With benefit of hindsight, we can say that the Ehrenreichs were much too hopeful about what those neighborhood actions might add up to. The book contains several hand-wavy passages implying that an unstoppable movement for fully socialized health care must be just around the corner. (“The chances are that both the movement and its program will grow explosively in the next few years.”) But even if their interpretations were too expansive, it’s still bracing to read the Ehrenreichs’ accounts of patients and clinicians taking risks together to will into existence a health system that would respect human dignity.
One curious thing about The American Health Empire as an artifact is that it’s highly New York-centered (no shame in that — it was the product of a city-based think tank), and yet packaged as an indictment of U.S. health care writ large. Maybe some editor at Random House decided the book would sell better if it were framed as an Unsafe at Any Speed-style national expose. Most of the book’s attacks on paternalism, overtreatment, and general indignity did (and still do) apply to the entire country. But in at least one respect, New York was crucially different from almost everywhere else in the United States. Only New York and a handful of other cities had strong networks of public clinics and public hospitals in 1965. In the vast majority of the U.S., the arrival of Medicare and Medicaid did indeed profoundly expand low-income people’s access to health services. In that respect — especially given how little further reform there’s been in the last half-century — the book’s relentless critiques of federal programs sometimes feel off-key.
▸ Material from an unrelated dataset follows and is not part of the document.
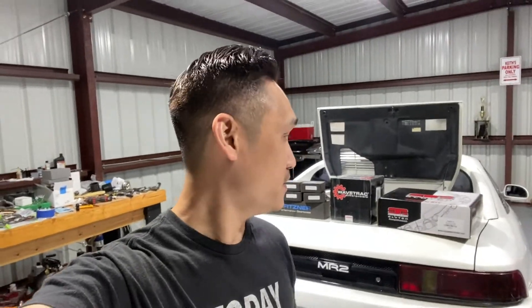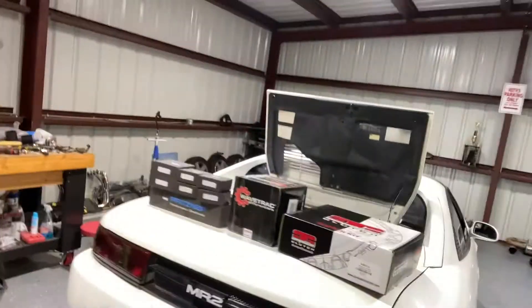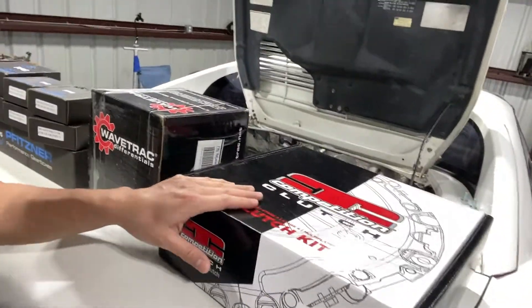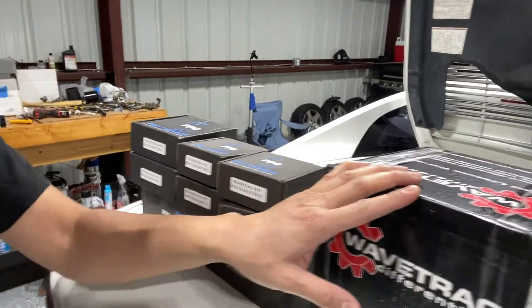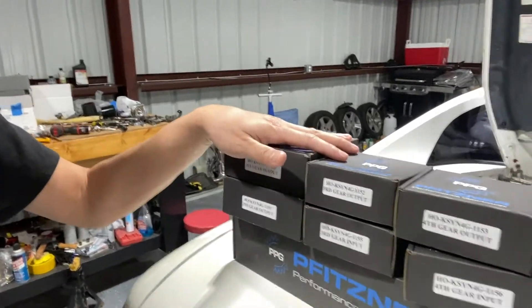More parts came in. What came in is a competition clutch, between this and the wave track differential. Already had this PPG gear set, so now let's put it on. Already pulled the transmission out.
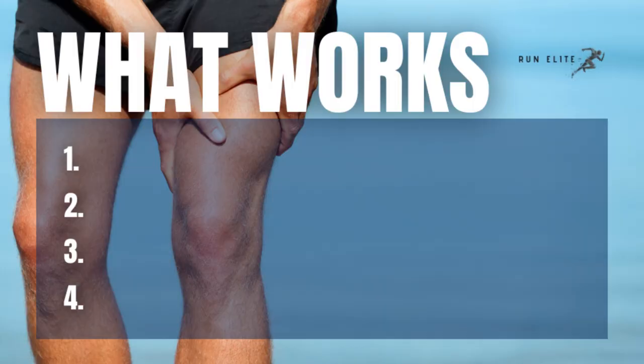We don't know why we cramp. There are theories about why we cramp. I'm going to take you through the two predominant ones and then tell you what you can do — and it's not the traditional advice. So theory number one goes like this.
From the standpoint of 2025 — with 7.9 percent of the U.S. population still uninsured; with another 7.5 million people now facing the loss of Medicaid under the Trump budget; and with the ACA markets under severe strain — the policy climate of 1970, when universal insurance briefly seemed inevitable, might sound a little like paradise.
It wasn’t. The Ehrenreichs may have underappreciated the importance of securing universal insurance, but The American Health Empire includes many reminders of why the U.S. health system will still require profound change even after everyone is insured. If you’re tired of well-intentioned seminars couched in the tepid language of “health disparities,” the root-and-branch radicalism of this fifty-five-year-old book might be the tonic you need.
“No one is interested in reshufflings and repackagings of the same old fragments,” the Ehrenreichs wrote. “No one is interested in renovating a building which ought to be condemned. . . . When the priorities of the health system have been reversed, then it will make sense to discuss the niceties of hospital planning, or clinic administration, or group practice design.”